Little wonder China is moving to expand its force projection capabilities in the region, as the three-ship Chinese navy squadron’s exercises in the Indian Ocean earlier this year and the navy’s ongoing anti-piracy commitments in the Gulf of Aden show. It currently lacks the logistics and intelligence for establishing a true presence in the IOR, but it is moving to rectify this: building electronic intelligence gathering facilities on islands in the Bay of Bengal, deploying maritime intelligence gathering ships to the Indian Ocean starting 2012, financing and constructing civilian port infrastructure in the IOR such as Gwadar Port in Pakistan and the ports of Colombo and Hambantota in Sri Lanka and engaging with naval diplomacy with countries in the region. 

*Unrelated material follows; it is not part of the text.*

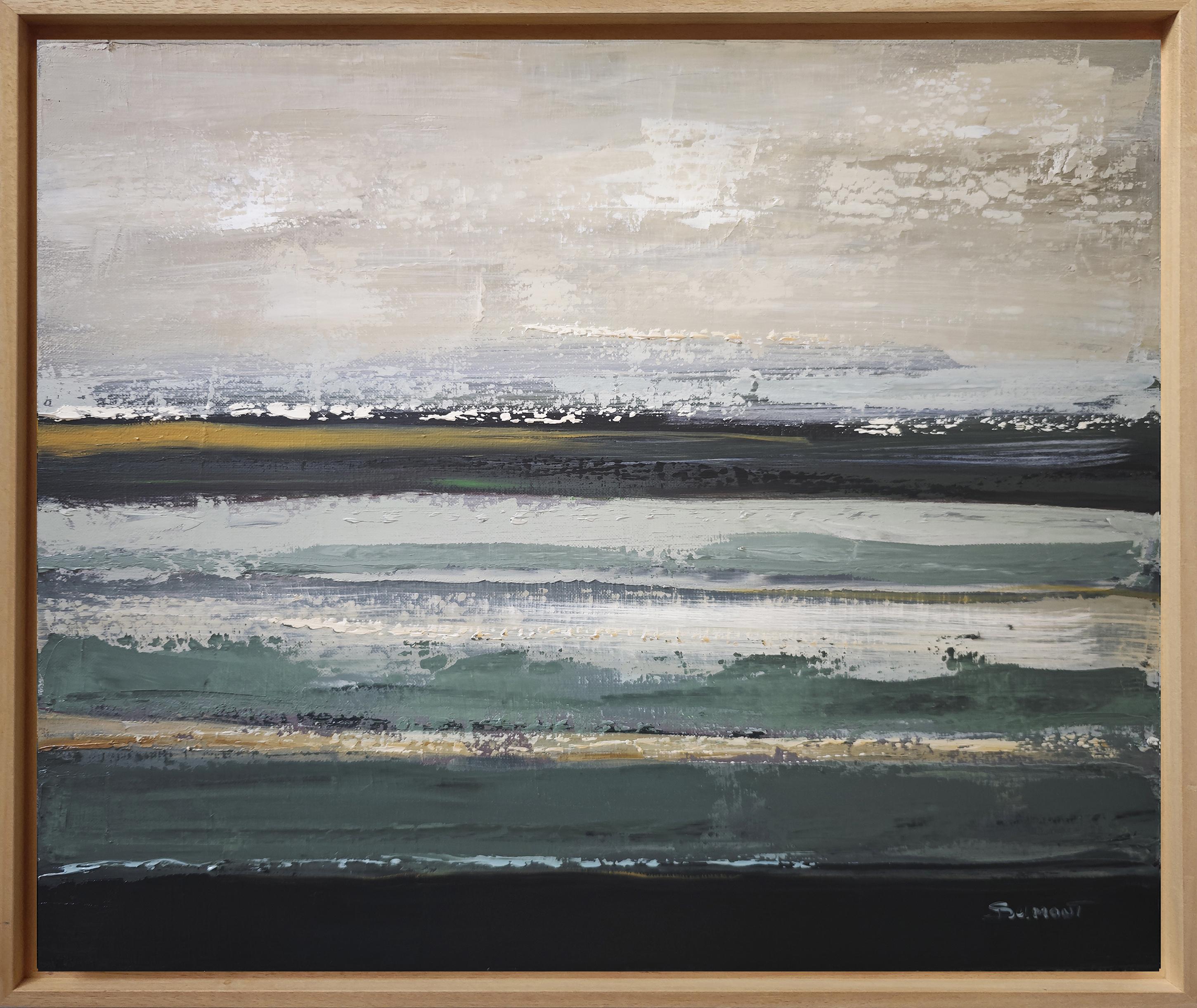 Distant Mists — Abstract Minimalism, Oil Painting, Seaside, Contemporary art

If Delhi doesn’t course correct as far as defence procurement and revitalising the defence industry go, Beijing will have an edge in naval strength in the mid-term future as well. China’s shipbuilding capacities have advanced at a substantially faster rate; it already has the largest naval force in Asia with 77 principal surface combatants and more than 60 submarines. The INS Sindhurakshak and INS Sindhuratna incidents, meanwhile, along with the long delays in constructing the Scorpene submarines as well as a line of frigates and destroyers, are emblematic of India’s naval force and its depleting fleet strength.

But India’s geographic advantage, a highly regarded naval force, acquisitions such as 12 P-81 antisubmarine warfare aircraft and — perhaps most crucially — a positive equation with other major players such as the US, Japan and Southeast Asian nations that see it as a rightful provider of net security in the IOR all mean that India still holds a stronger hand. It must build on it by accepting and fulfilling the responsibilities of its naval leadership in the region and building on the naval ties it has begun to forge in the region, from holding joint exercises with Japan and the US to hosting multilateral training exercises.

That position of strength will enable it to engage China positively in a flexible, inclusive IOR environment — a positive counterweight to the land border where both leaderships trudge along time-worn ruts.